→ **TASK GOAL**
Begin the copy at the line containing "Ana Maria Braga" in the data below and end it at the line containing "ultraformer ราคา", keeping each line exact and leaving out pictures.

→ **RECORDS FOR THIS TASK**
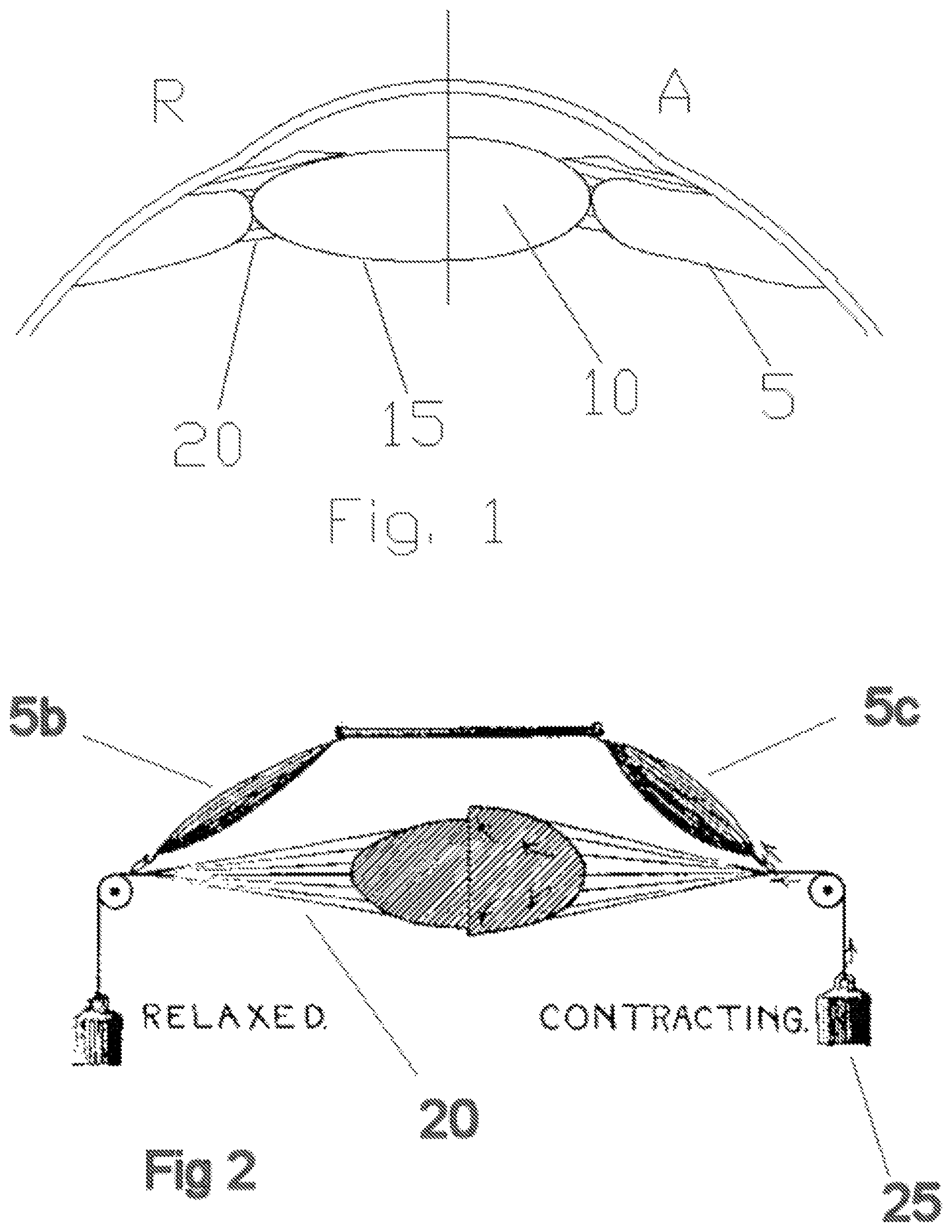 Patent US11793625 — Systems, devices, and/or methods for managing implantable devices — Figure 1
* * *
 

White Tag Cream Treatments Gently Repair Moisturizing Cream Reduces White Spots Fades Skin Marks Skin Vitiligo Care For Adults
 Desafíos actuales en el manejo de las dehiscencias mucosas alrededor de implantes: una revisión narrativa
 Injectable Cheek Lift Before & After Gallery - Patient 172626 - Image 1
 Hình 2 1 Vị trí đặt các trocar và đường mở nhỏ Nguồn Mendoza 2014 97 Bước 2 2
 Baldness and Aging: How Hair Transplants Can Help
==
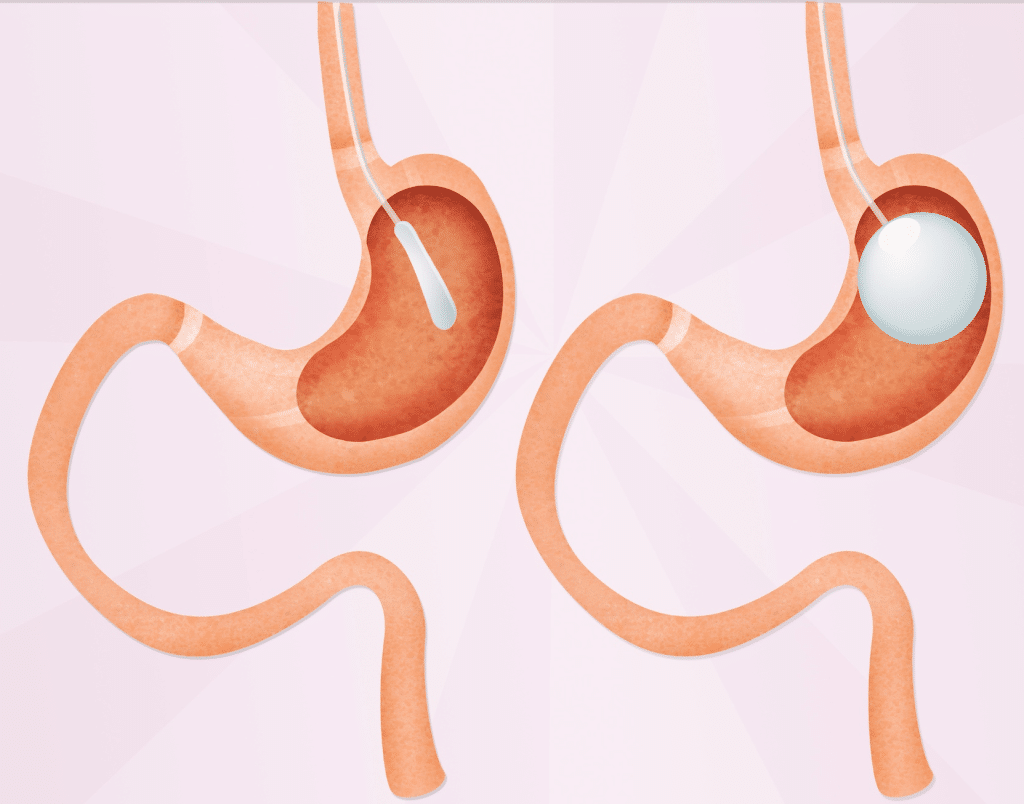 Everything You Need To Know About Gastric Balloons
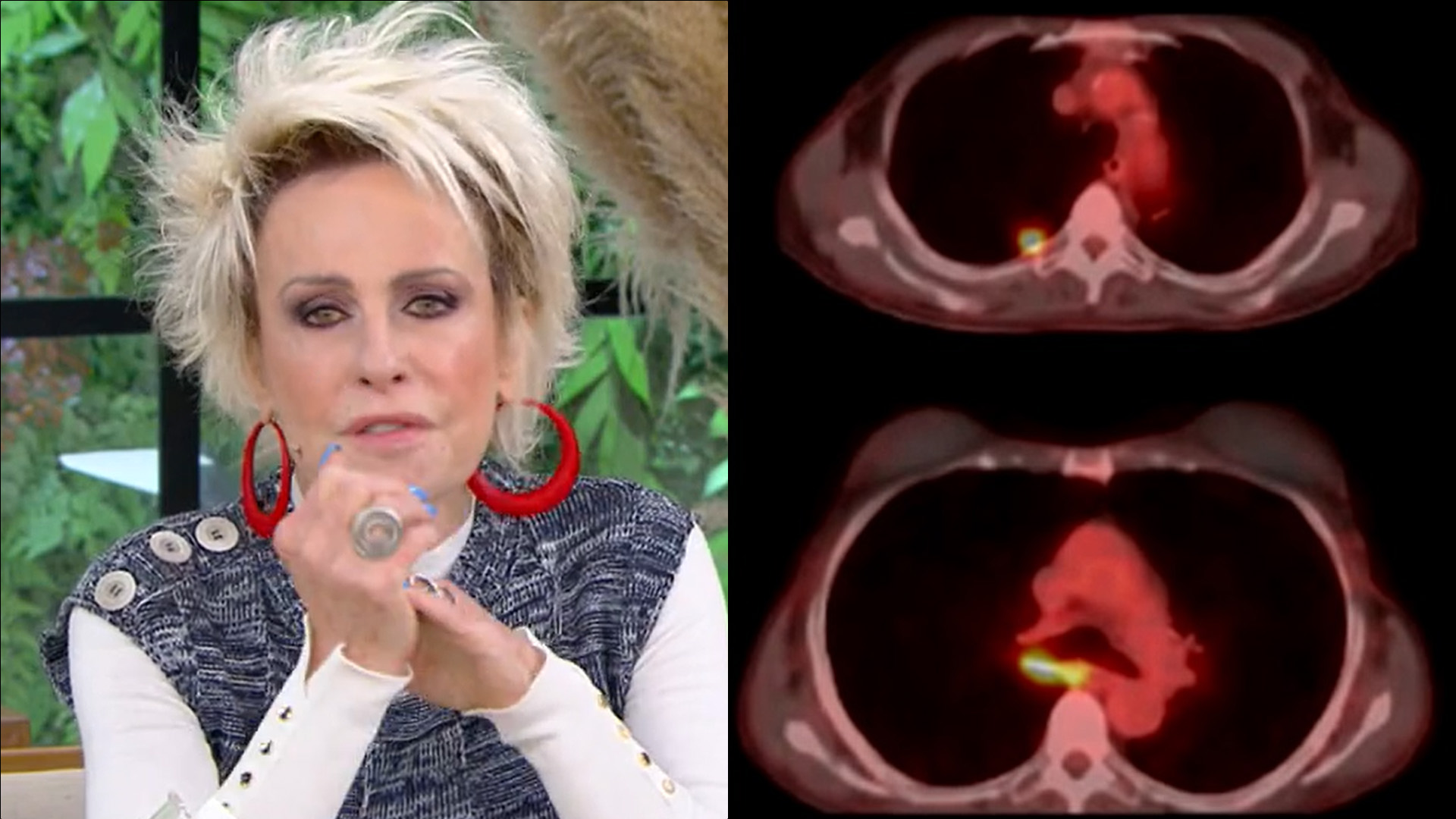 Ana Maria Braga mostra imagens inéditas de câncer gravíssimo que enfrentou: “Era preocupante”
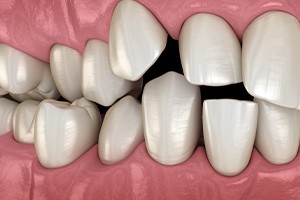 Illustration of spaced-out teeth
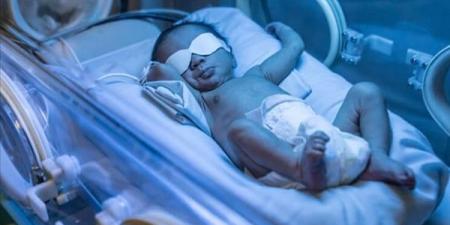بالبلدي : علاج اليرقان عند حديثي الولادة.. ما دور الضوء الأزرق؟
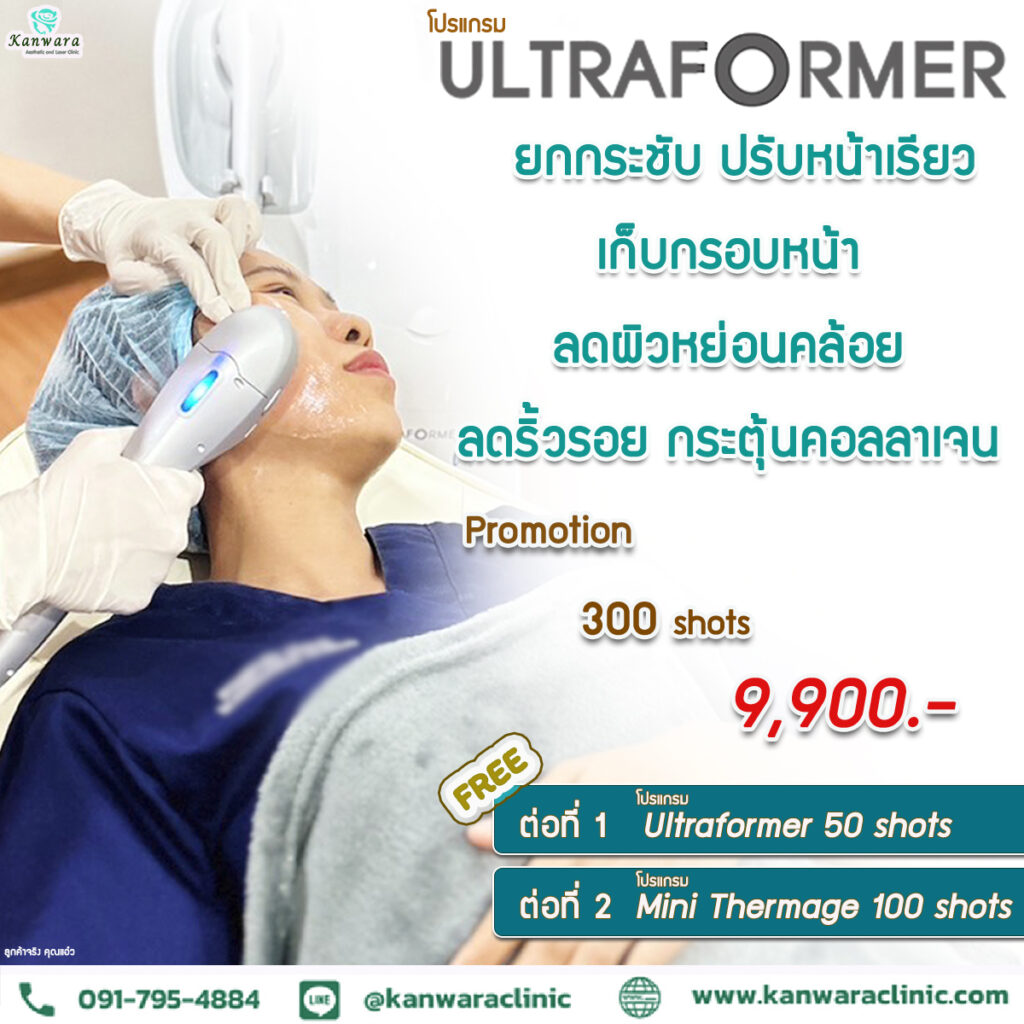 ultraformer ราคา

→ **TASK ANSWER**
 Ana Maria Braga mostra imagens inéditas de câncer gravíssimo que enfrentou: “Era preocupante”
 Illustration of spaced-out teeth
بالبلدي : علاج اليرقان عند حديثي الولادة.. ما دور الضوء الأزرق؟
 ultraformer ราคา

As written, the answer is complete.